## TASK OBJECTIVE
Leave the pictures out and return every line below exactly.

## RECORDED INFORMATION
.....

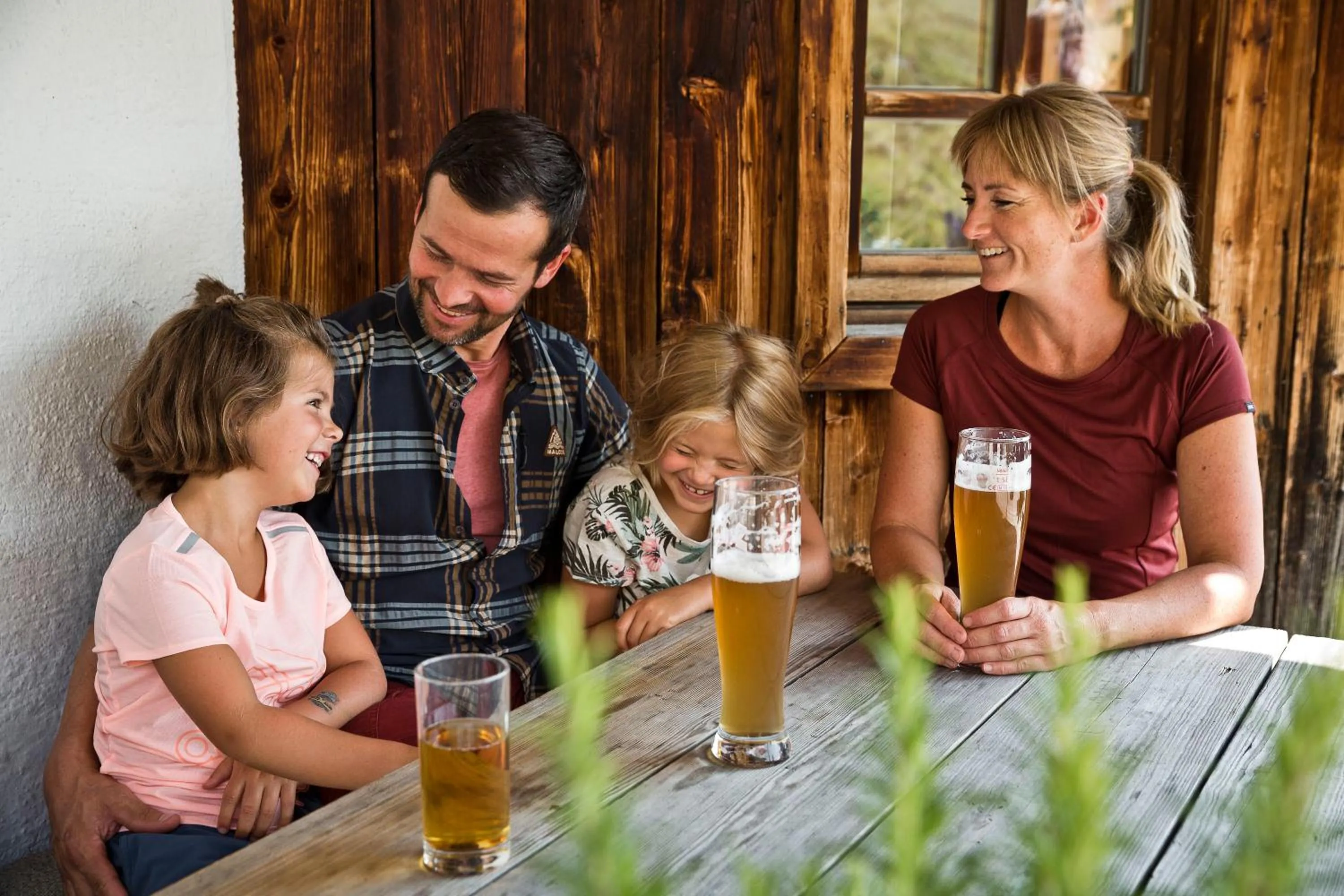 People in Hotel DIE SONNE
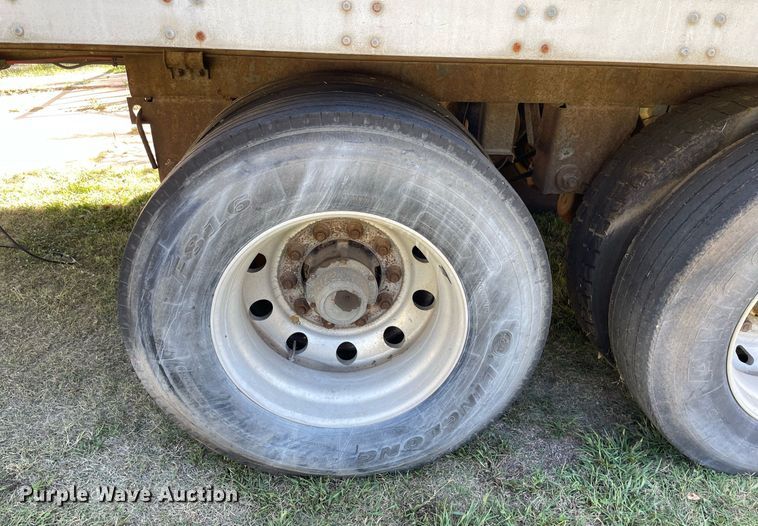 image for item NX9775 2000 Wabash  refrigerated van trailer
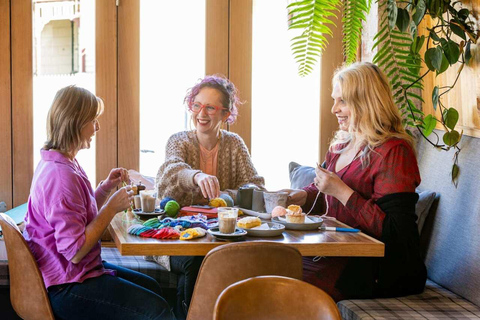 Learn how to crochet or knit in Salzburg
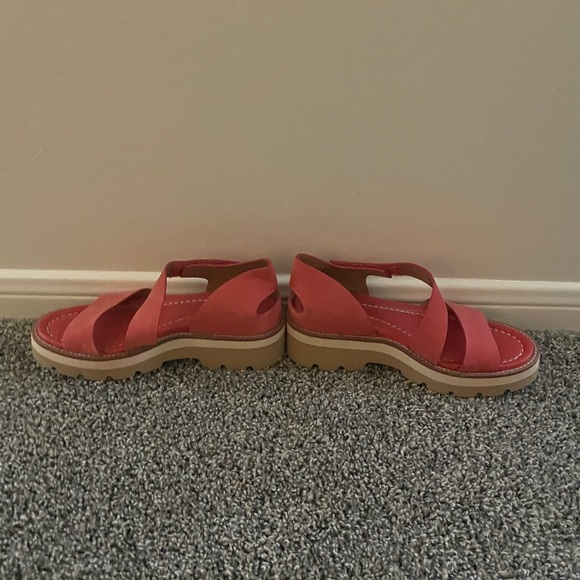 Women's Red Sandals - Picture 2 of 6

.....

## TASK SOLUTION
 People in Hotel DIE SONNE
 image for item NX9775 2000 Wabash  refrigerated van trailer
 Learn how to crochet or knit in Salzburg
 Women's Red Sandals - Picture 2 of 6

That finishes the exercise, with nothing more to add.